- **Instructions for the task**
Take the lines below from the one with "Tintin hebdomadaires - photo numéro 12" through the one with "Kool Aid Jammers" and retype them exactly. Include nothing else, and no pictures.

- **Input**
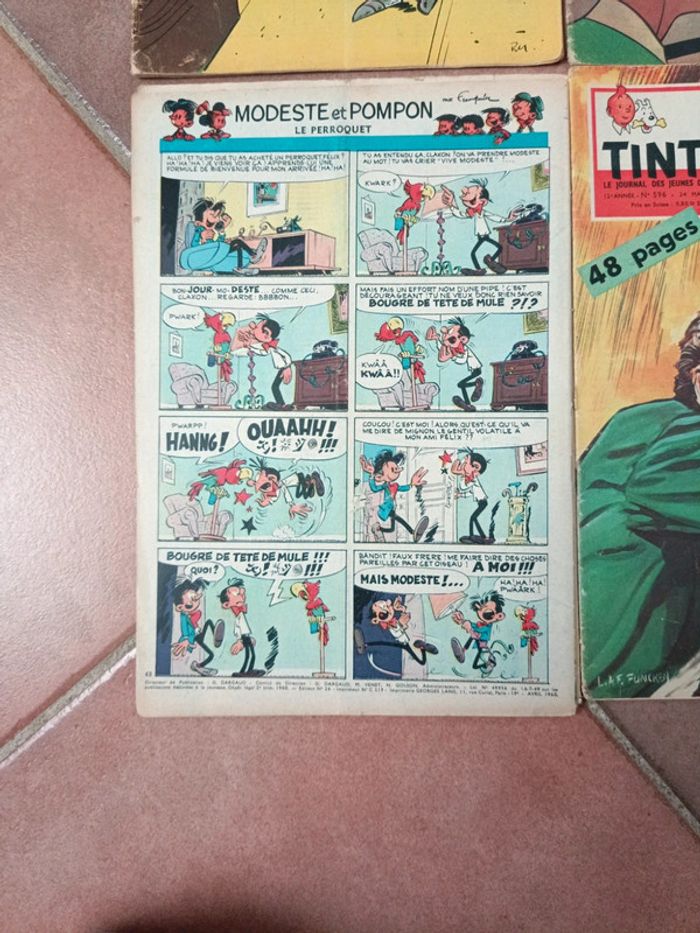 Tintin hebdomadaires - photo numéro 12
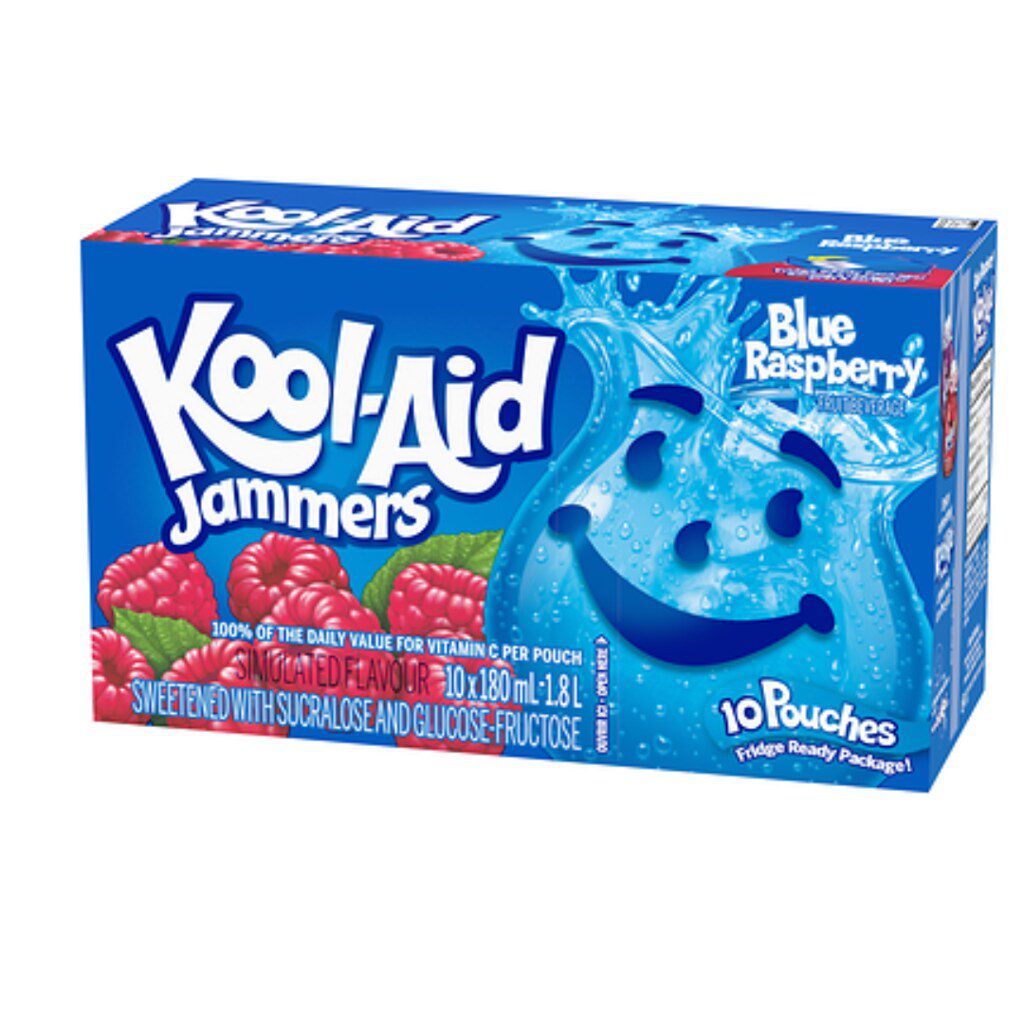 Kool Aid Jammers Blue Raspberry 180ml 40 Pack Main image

---

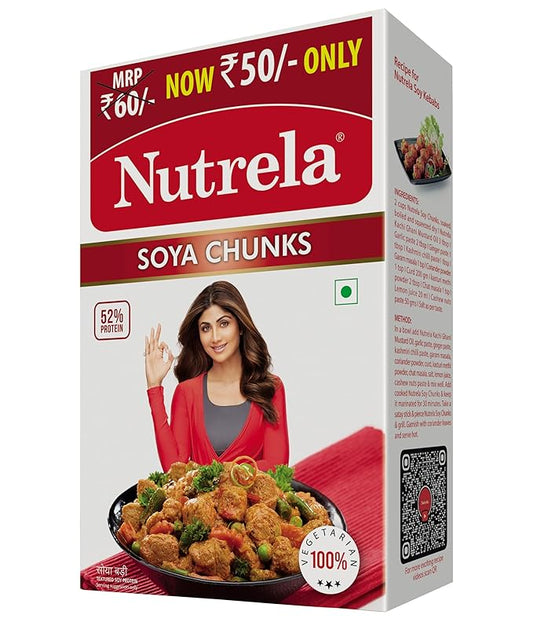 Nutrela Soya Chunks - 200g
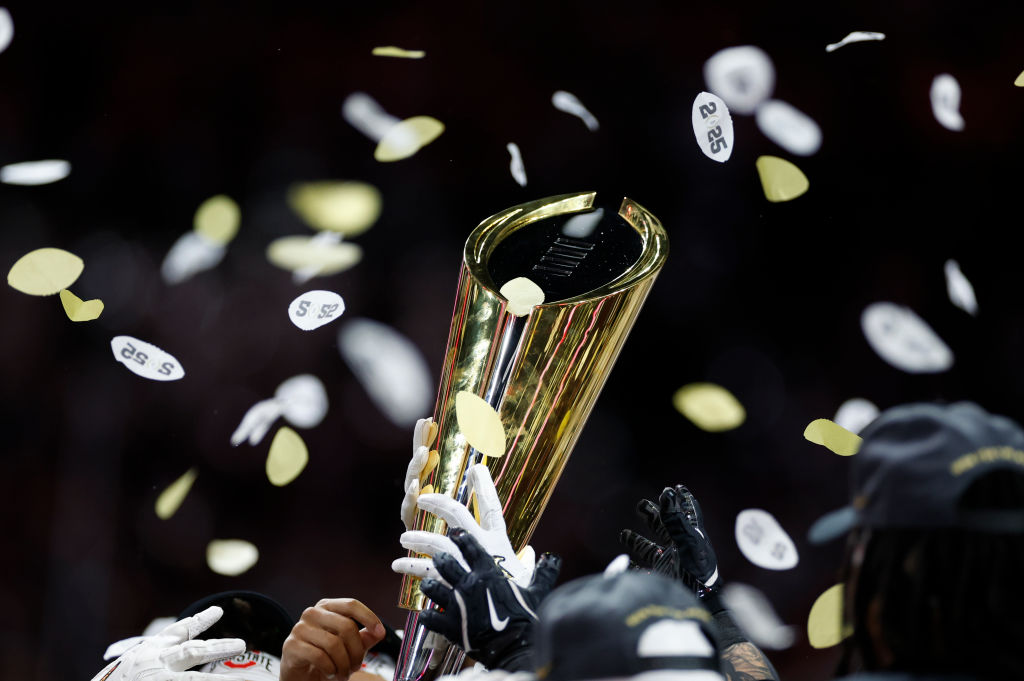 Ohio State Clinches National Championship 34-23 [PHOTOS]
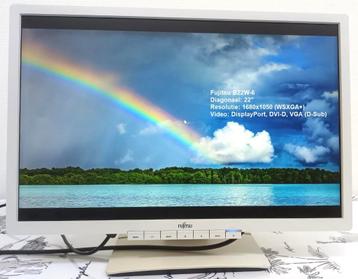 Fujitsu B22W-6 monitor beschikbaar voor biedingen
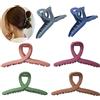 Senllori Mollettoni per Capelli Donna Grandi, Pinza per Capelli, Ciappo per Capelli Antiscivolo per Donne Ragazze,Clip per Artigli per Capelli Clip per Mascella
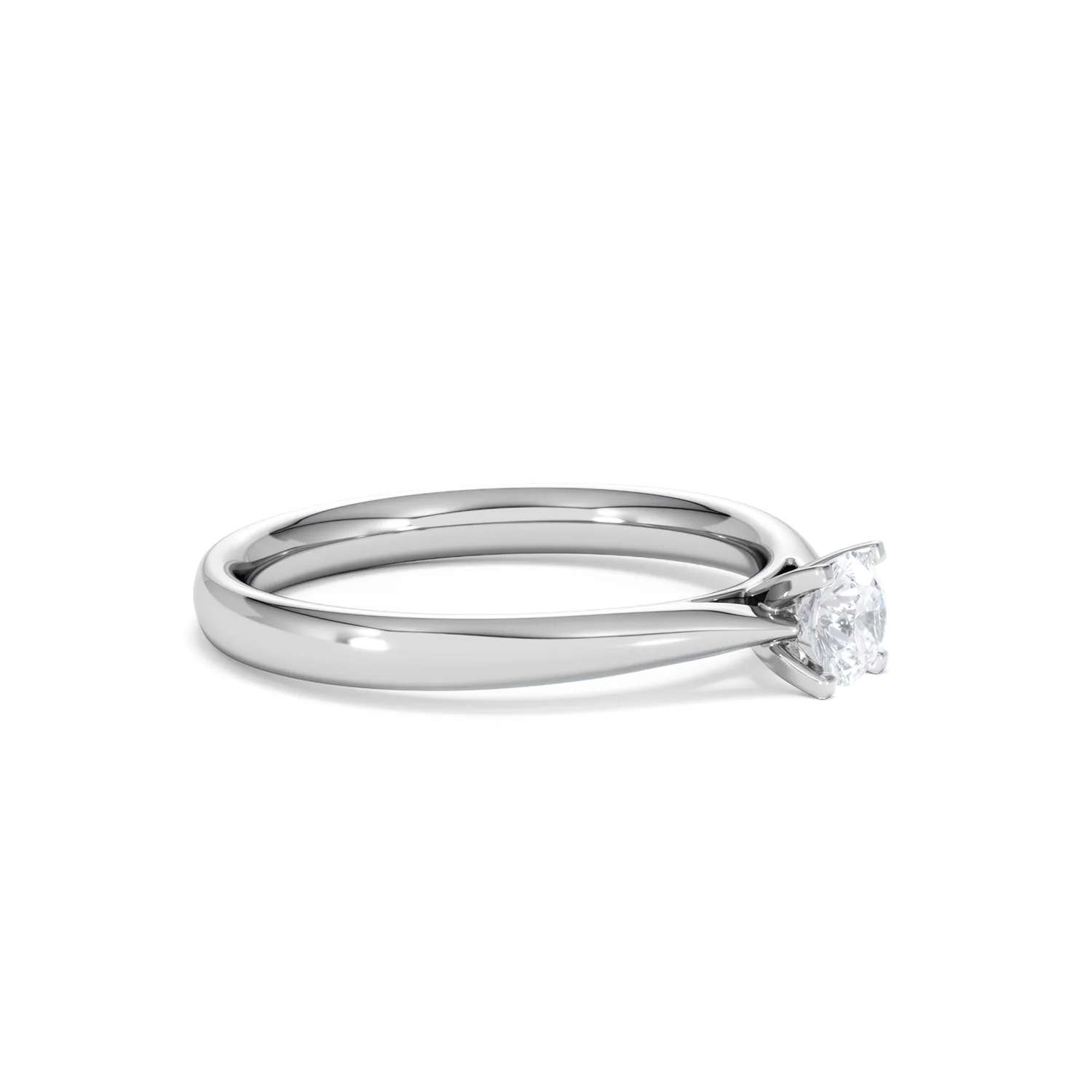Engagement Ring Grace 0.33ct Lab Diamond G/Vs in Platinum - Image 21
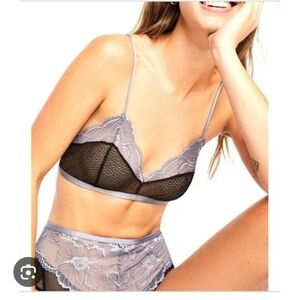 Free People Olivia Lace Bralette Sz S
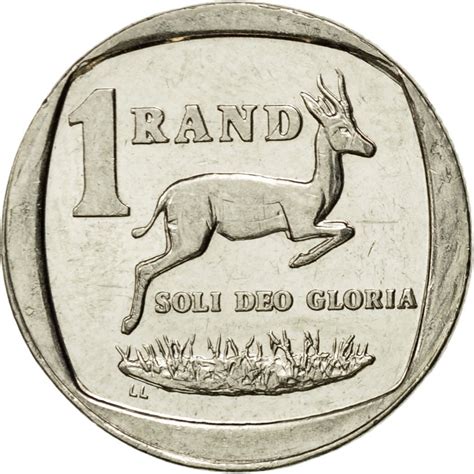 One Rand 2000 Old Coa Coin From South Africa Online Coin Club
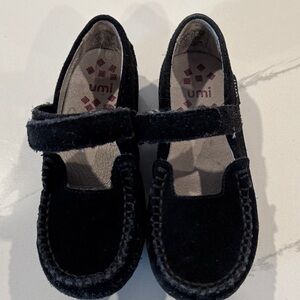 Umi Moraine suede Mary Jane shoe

- **Answer to this problem**
 Tintin hebdomadaires - photo numéro 12
 Kool Aid Jammers Blue Raspberry 180ml 40 Pack Main image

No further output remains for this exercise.